[Opening Given material section]
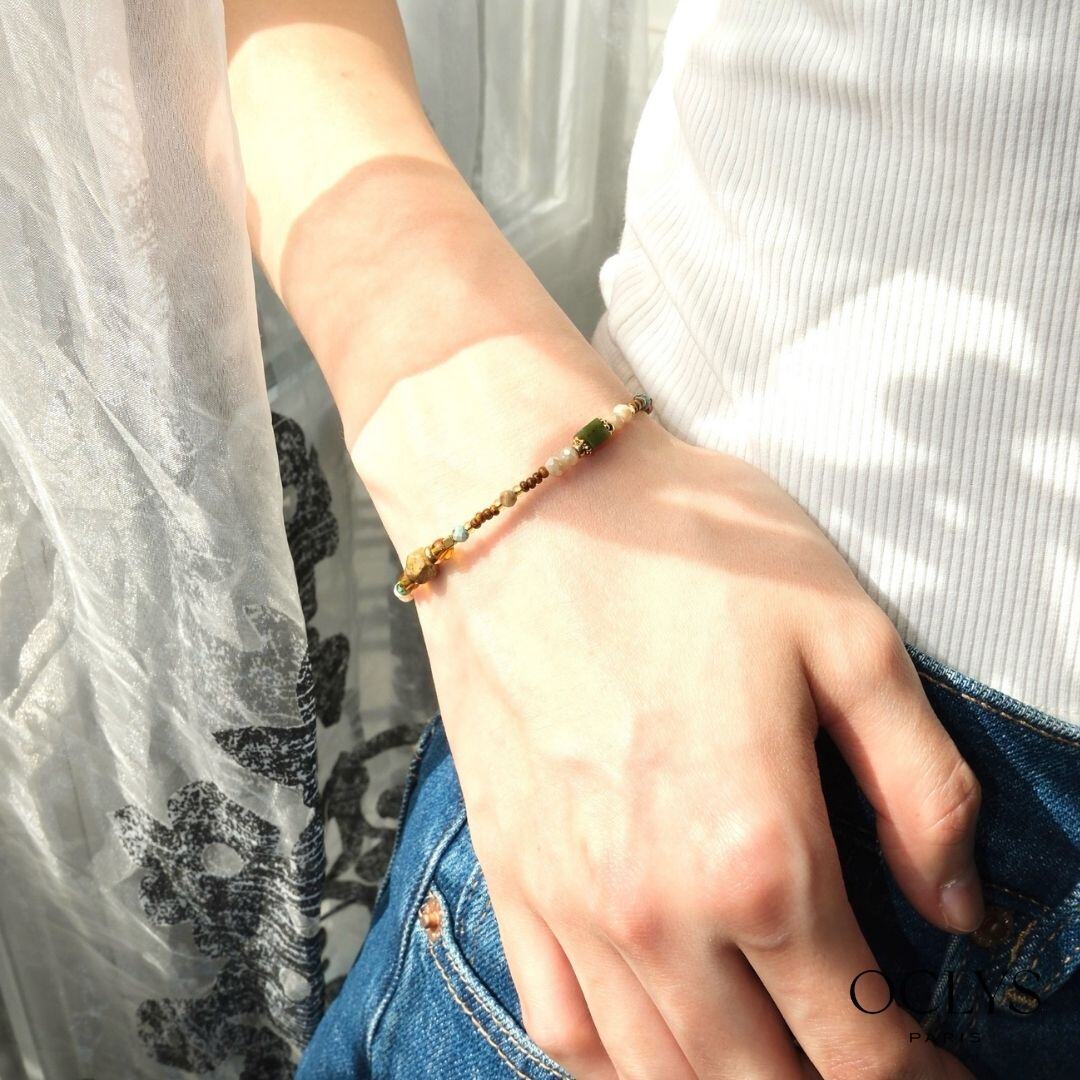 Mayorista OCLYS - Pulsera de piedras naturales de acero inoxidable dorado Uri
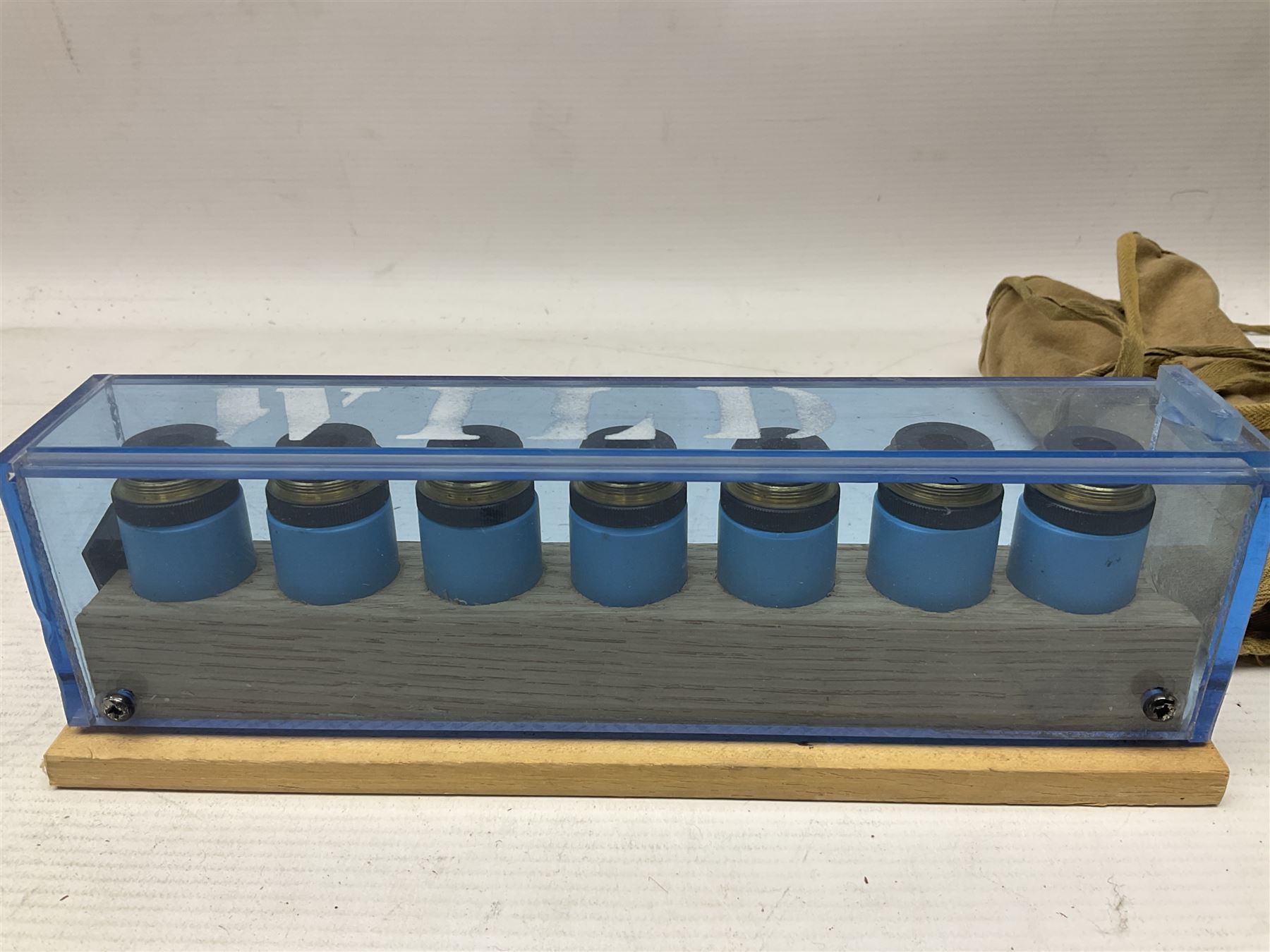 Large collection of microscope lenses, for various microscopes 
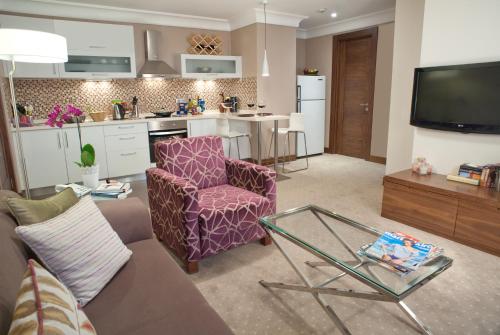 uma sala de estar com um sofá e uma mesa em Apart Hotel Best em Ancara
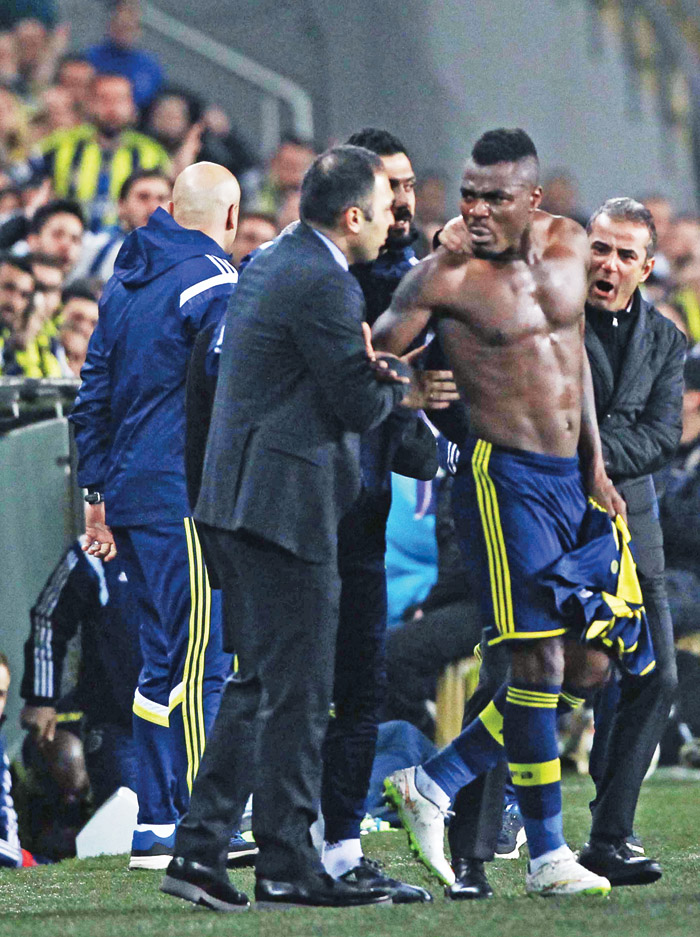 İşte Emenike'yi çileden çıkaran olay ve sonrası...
[Closing Given material section]
Reproduce the data word for word, excluding its pictures.

 Mayorista OCLYS - Pulsera de piedras naturales de acero inoxidable dorado Uri
 Large collection of microscope lenses, for various microscopes 
 uma sala de estar com um sofá e uma mesa em Apart Hotel Best em Ancara
 İşte Emenike'yi çileden çıkaran olay ve sonrası...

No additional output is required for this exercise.